Factor-Conditioned Speaking-Style Captioning
This work addresses the challenge of improving speaking-style captioning for applications like audio description or accessibility tools, though it appears incremental as it builds on existing captioning methods.
The paper tackles the problem of generating diverse and accurate speaking-style captions by introducing factor-conditioned captioning (FCC) to explicitly learn speaking-style factors, and greedy-then-sampling (GtS) decoding to balance accuracy and diversity. The results show that FCC outperforms original caption-based training and, with GtS, generates more diverse captions while maintaining style prediction performance.
This paper presents a novel speaking-style captioning method that generates diverse descriptions while accurately predicting speaking-style information. Conventional learning criteria directly use original captions that contain not only speaking-style factor terms but also syntax words, which disturbs learning speaking-style information.
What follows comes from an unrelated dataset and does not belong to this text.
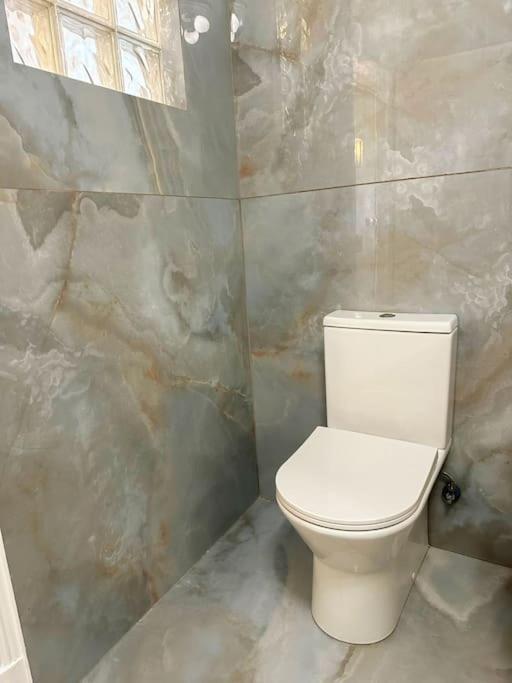 Apartamento Historical Center, Large 2 Bedroom Apartment, Bright & Stylish Lisboa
To solve this problem, we introduce factor-conditioned captioning (FCC), which first outputs a phrase representing speaking-style factors (e.g., gender, pitch, etc.), and then generates a caption to ensure the model explicitly learns speaking-style factors. We also propose greedy-then-sampling (GtS) decoding, which first predicts speaking-style factors deterministically to guarantee semantic accuracy, and then generates a caption based on factor-conditioned sampling to ensure diversity. Experiments show that FCC outperforms the original caption-based training, and with GtS, it generates more diverse captions while keeping style prediction performance.